Microbial pathogenesis pii:S0882-4010(24)00453-4 [Epub ahead of print].
Staphylococcus aureus is widely distributed in environment and can cause various human infection and food poisoning cases. Also, this pathogen is a typical biofilm former, which further complicates its pathogenicity. Antibiotics have been widely used to eliminate pathogenic bacteria, but their indiscriminate use has also led to the widespread emergence of drug-resistant bacteria, such as Methicillin-Resistant Staphylococcus aureus (MRSA).
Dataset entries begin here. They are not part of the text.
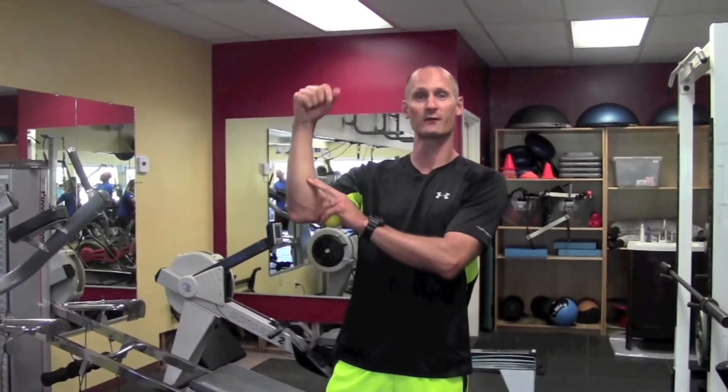Remember, you've got your forearm flexors on this side, forearm extensors on this side. They get a lot of work with all the different things you're doing grip-wise — grabbing obstacles, grabbing weights — so you want to make sure you take care of your grip.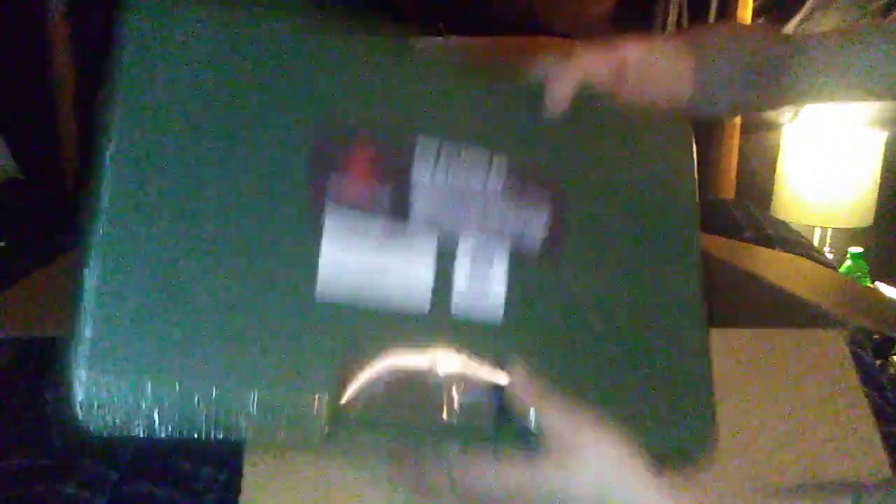First thing I'm gonna pull out of here is my gun cleaning kit, and this is a universal cleaning kit — so it's for rifles, pistols, shotguns, all that good stuff. It also comes with a smithing kit, so hell yes. I also got me a little gun cleaning mat so I can put all my stuff on there — all the important stuff, the stuff that you don't want to get lost.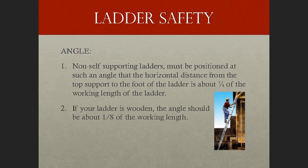For angle: non-self-supporting ladders, which must lean against a wall or other support, are to be positioned at such an angle that the horizontal distance from the top support to the foot of the ladder is about one-fourth the working length of the ladder. In other words, for every four feet in height, kick the base out one foot. So at a height of 16 feet, bring the ladder out four feet from the horizontal.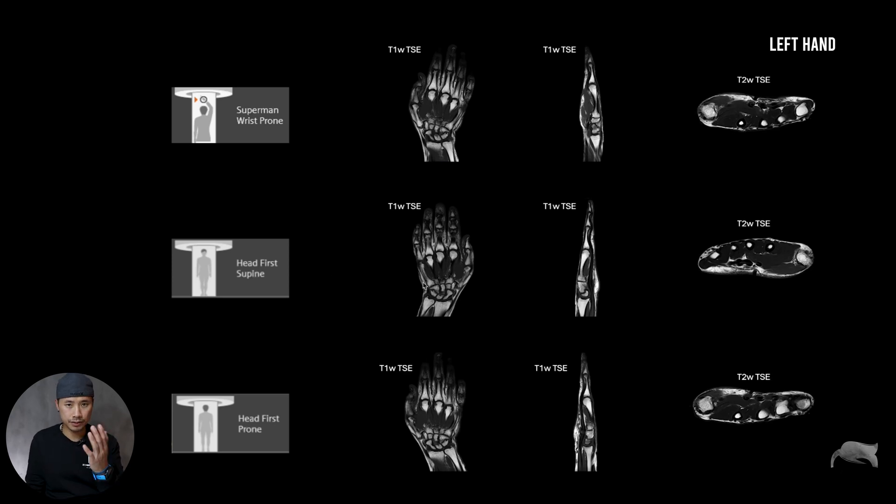Head first supine looks flipped. Head first prone looks the same as superman wrist prone. Why did the vendor make superman wrist prone available as a separate option? I'm not sure, but it didn't give any different imaging result. However, it does make it easier for people who are not used to this kind of positioning, because if you have an image like this you can clearly see the patient is lying with the hand forward — it's easy to understand.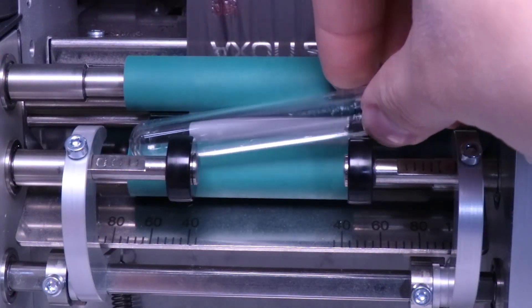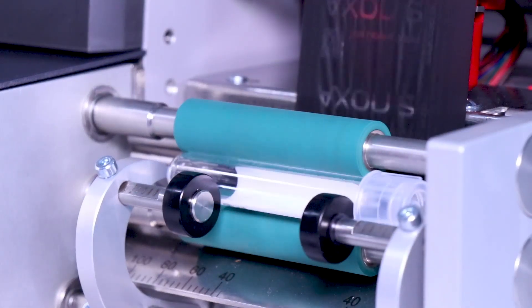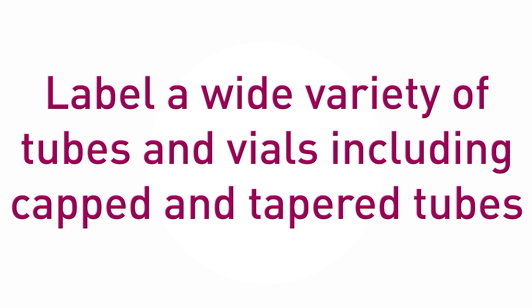This machine can print and label each tube in less than two seconds. Simply insert the container into the applicator arms, tap the touch screen icon, and the system prints and applies a label. The Axon 2 is compatible with a wide variety of tubes and vials, including capped and tapered tubes.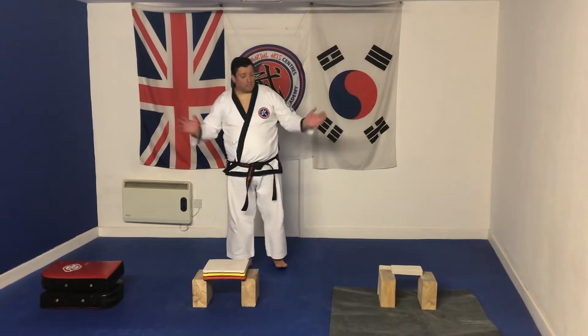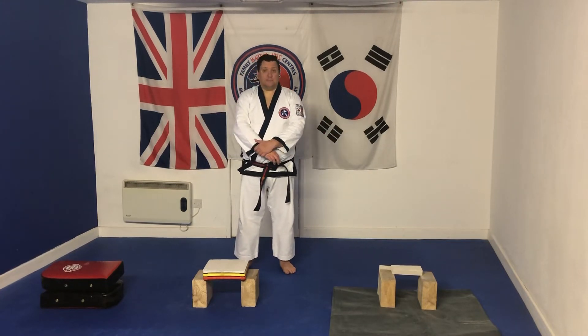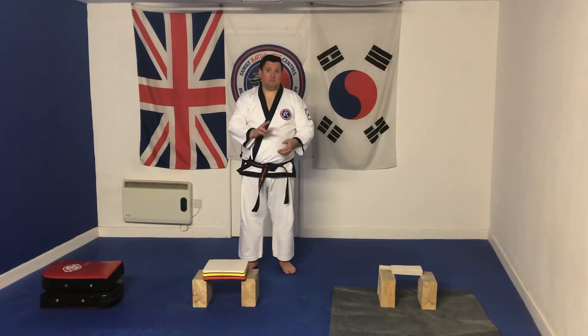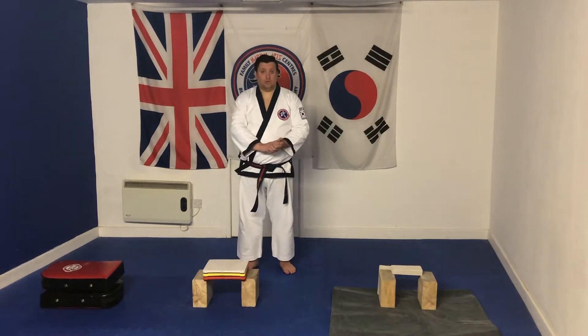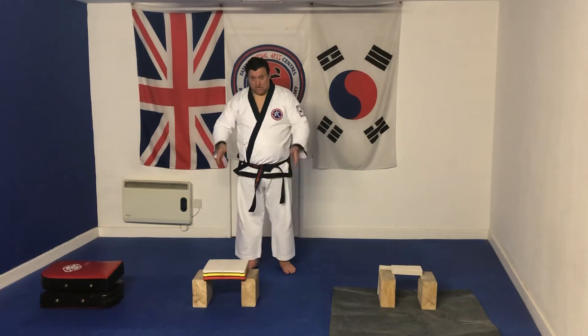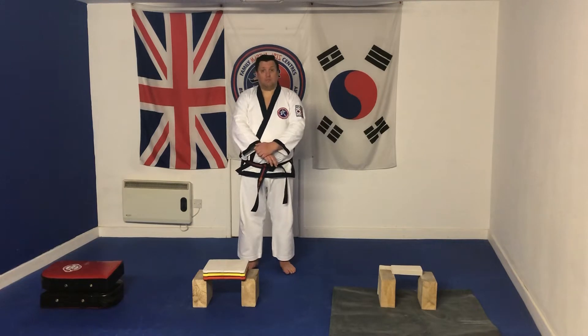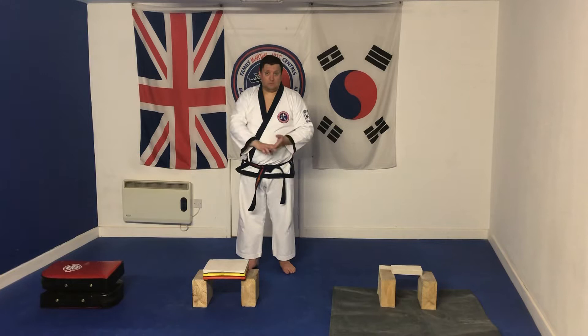Hello again, it's Master McCann. As you can probably tell by the setup, today's video is going to be on breaking — specifically the hammer fist technique — and I'm aiming this at first dans getting ready for their first dan test. We're going to go through practicing on the pads, the re-breakable boards, and then I've got a little block at the end because I thought I'd give it a go.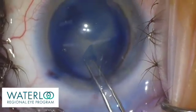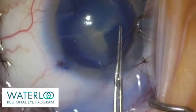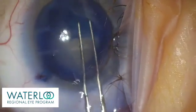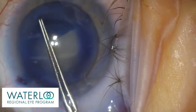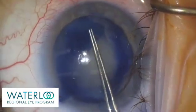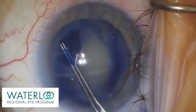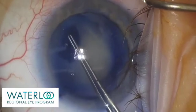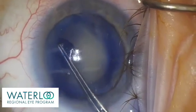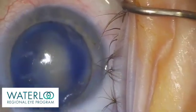The Vision Blue was used nicely to stain the anterior capsule and helps the surgeon visualize the capsulorexis as it is being completed. The goal is to have a continuous curvilinear capsulorexis that measures around five to five and a half millimeters. The surgeon re-grasps the capsulorexis flap frequently to maintain complete control over the capsulorexis size. The capsulorexis is now complete.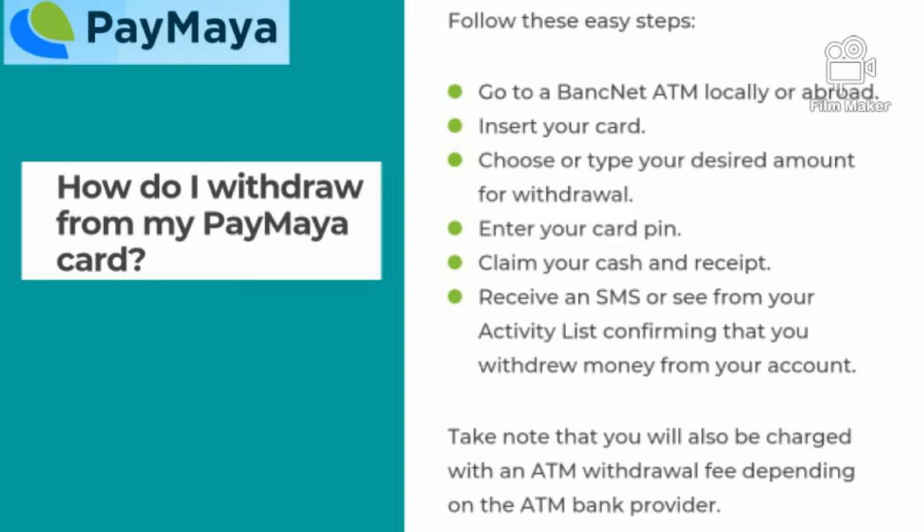You will receive an SMS or a notification from your activity list confirming that you have withdrawn money from your account. Take note that you will also be charged an ATM withdrawal fee depending on the ATM bank provider.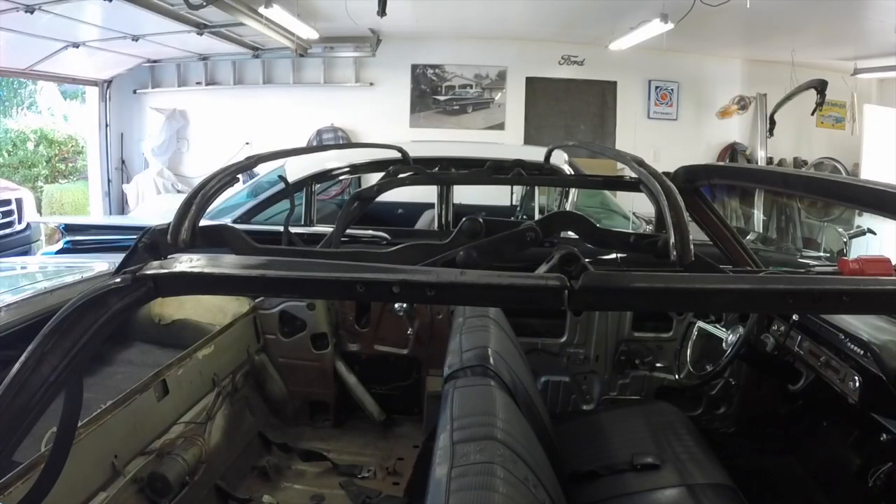All right, so I'm back to work on the car today. I think I'm going to try and paint the frame today because I'll be playing musical weather tomorrow.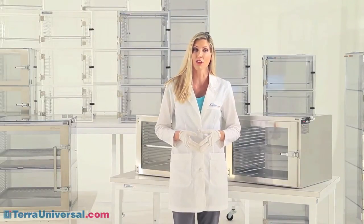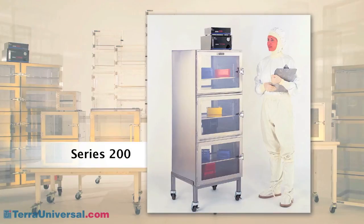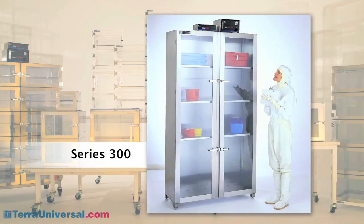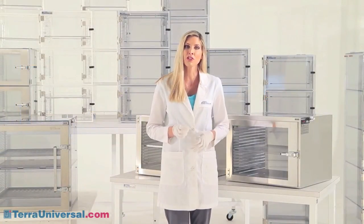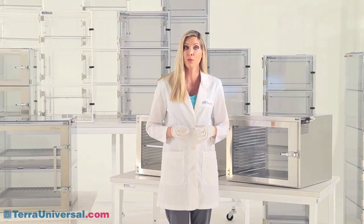Terra offers several other stainless steel chamber configurations. The series 200 stainless steel desiccator features double-wall construction with built-in gas plumbing for easy connection to Terra's dual purge and nitro watch systems, and an automatic relief bleed valve in each chamber. The series 300 provides a large open storage area with adjustable shelves, perfect for high-capacity requirements or bulky items. The series 400 provides a multi-chamber cabinet configured for use with Terra's top-of-the-line NitroPlex humidity controller, allowing chamber-by-chamber RH monitoring and control. Visit TerraUniversal.com for more information on Terra's automated humidity control systems.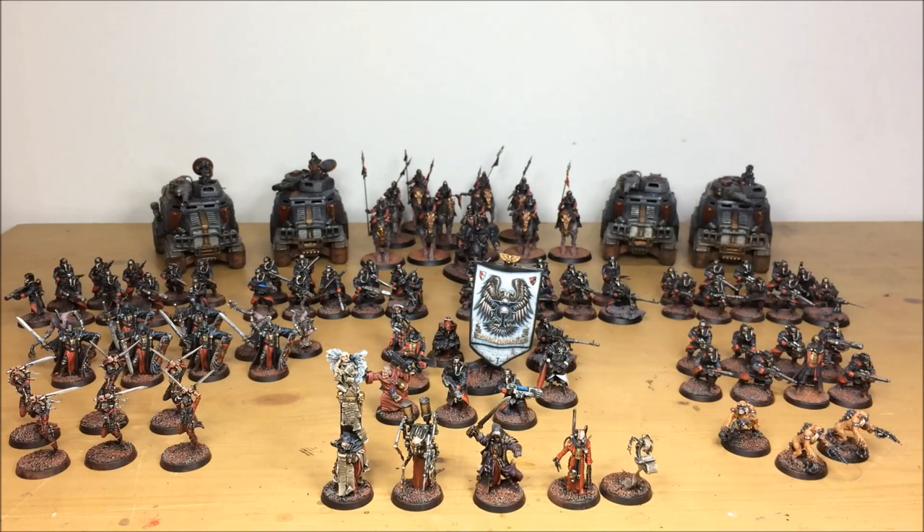Hey guys, hope you're well and welcome to this commission completion video. In front of you you can see a very large Imperial Guard Inquisition force. This project has been completed by Ben and Jonas here at the studio. There are loads of Forge World Death Corps of Krieg models, loads of characters, some old-school metal models, really nice classic models, death cult assassins and crusaders. So without further ado, let's dive in and have a look at this brilliant project.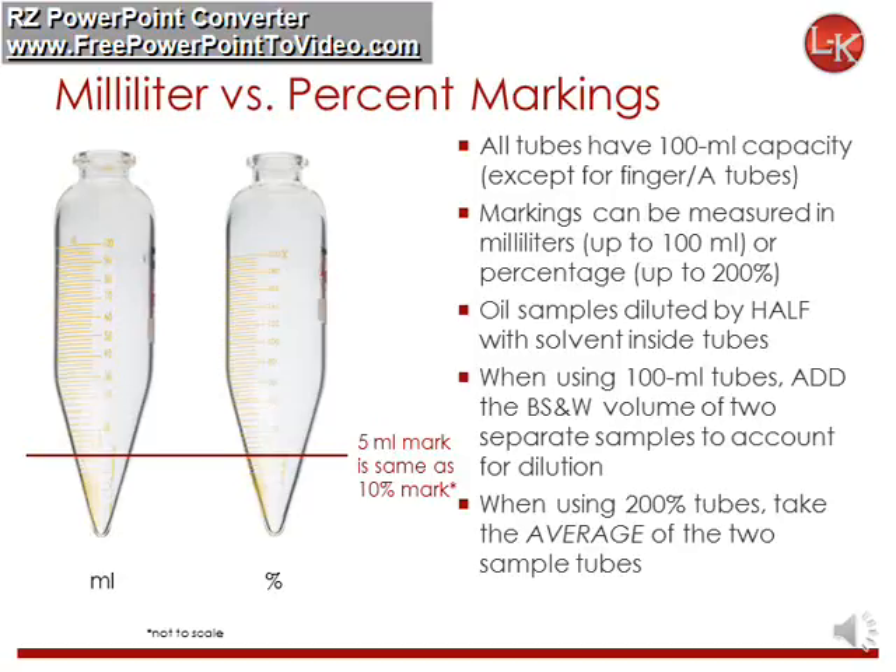Tubes with percent markings, on the other hand, take into account the dilution by doubling the markings. To get the BSNW value on percent tubes, take the average of the two sample tubes. For example, the 5 milliliter mark on a milliliter tube is the same as the 10% mark on a percent tube. A reading of 10% means there's actually 10 milliliters of BSNW per 100 milliliters.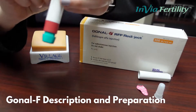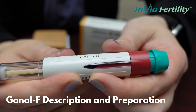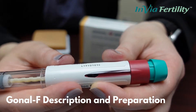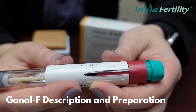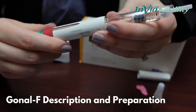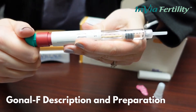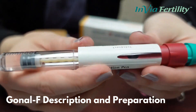When you turn the pen you can look at it — you will see a window and it will be at zero. Whatever your dose may be, you are going to dial that to your dose every night. For example, if my dose is 150 units, I am going to use the pen and turn it away from me until I can read 150 in the window.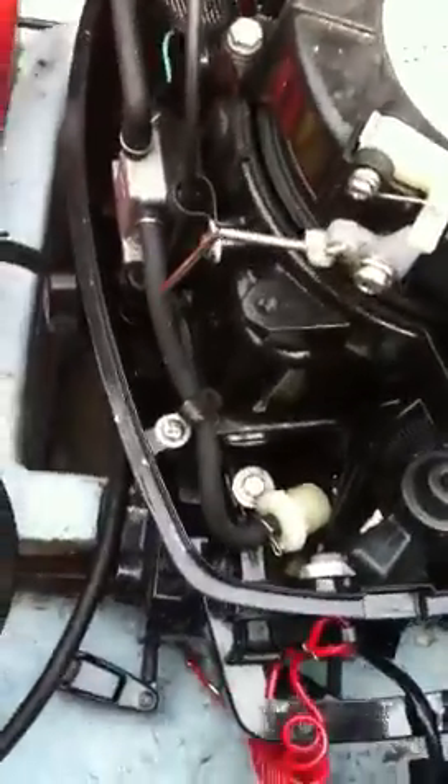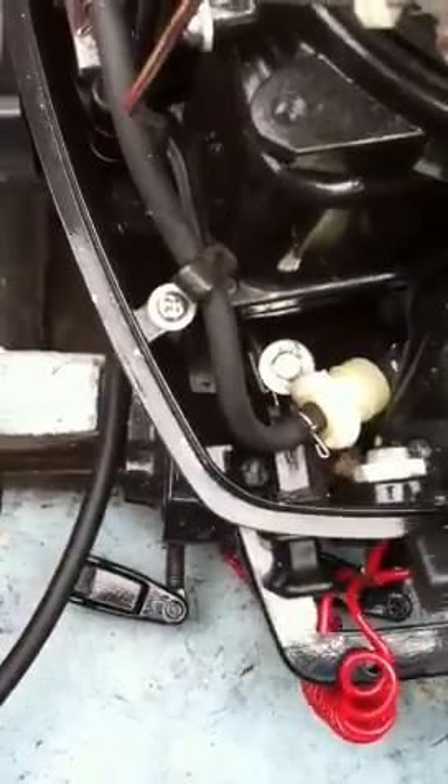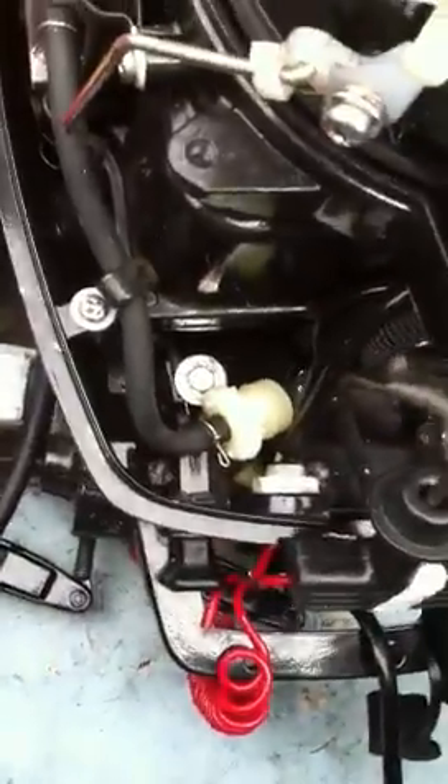So I put water underneath the prop, got to get it submerged, and got it running. There we go, throttle control, choke, and you can hear it.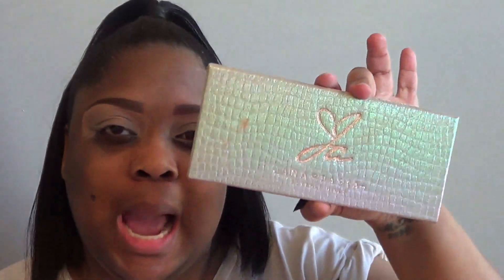What's poppin T Squad! Today I'm bringing you a makeup tutorial and review on the Jackie Aina Anastasia Beverly Hills palette. I've had this palette since about August and I've used it probably about two or three times and I absolutely love it. This is my first time buying an Anastasia Beverly Hills palette.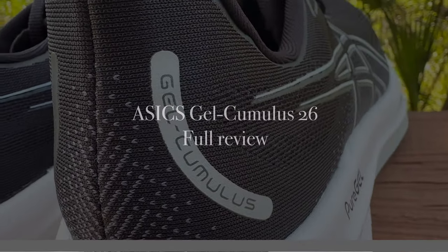Hey, what's up guys, welcome back to the channel. In today's video we are going to be looking at the ASICS Cumulus 26. ASICS has made a few changes over version 25, but there's one change in particular that I'm really excited to tell you about — let's get into it.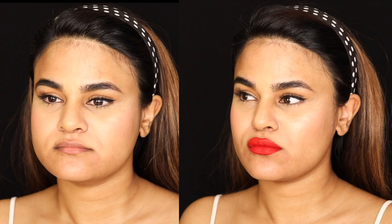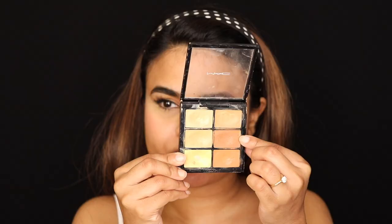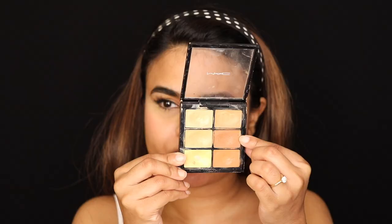Hey guys, welcome back to my channel. In today's video I'm going to be showing you my tips and tricks on creating the illusion of fuller and bigger lips, so let's get started.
In this study, the effect of antibiotics on biofilm formation of MRSA strains 875 and 184 was explored. Firstly, MRSA 875 belongs to SCCmec type IV, ST239, carrying the atl, icaA, icaD, icaBC, and aap genes, and MRSA 184 belongs to SCCmec type II, ST5, carrying the atl, icaD, icaBC, aap, and agr genes. Then, a total of 8 antibiotics have been selected, including kanamycin, gentamycin, cipprofloxacin, erythromycin, meropenem, penicillin G, tetracycline, vancomycin. Minimum inhibitory concentrations (MICs) of each antibiotic were determined, and MIC of MRSA 875 and 184 to kanamycin/gentamicin are 2048/64 μg/mL and 2048/4 μg/mL, respectively. A total of 10 concentrations, ranging from 1/128 to 4 MIC with 2-fold, were used to study biofilm formation. Biofilm biomass and viability were determined during different phases, including initial adhesion (8 h), proliferation (16 h), accumulation (24 h) and maturation (48 h). Importantly, kanamycin at specific concentrations showed significant promotion of biofilm biomass and biofilm viability, with none of such observation acquired from other antibiotics. This study provides scientific basis and new research ideas for the quality control technology of microorganisms and safety prevention of MRSA.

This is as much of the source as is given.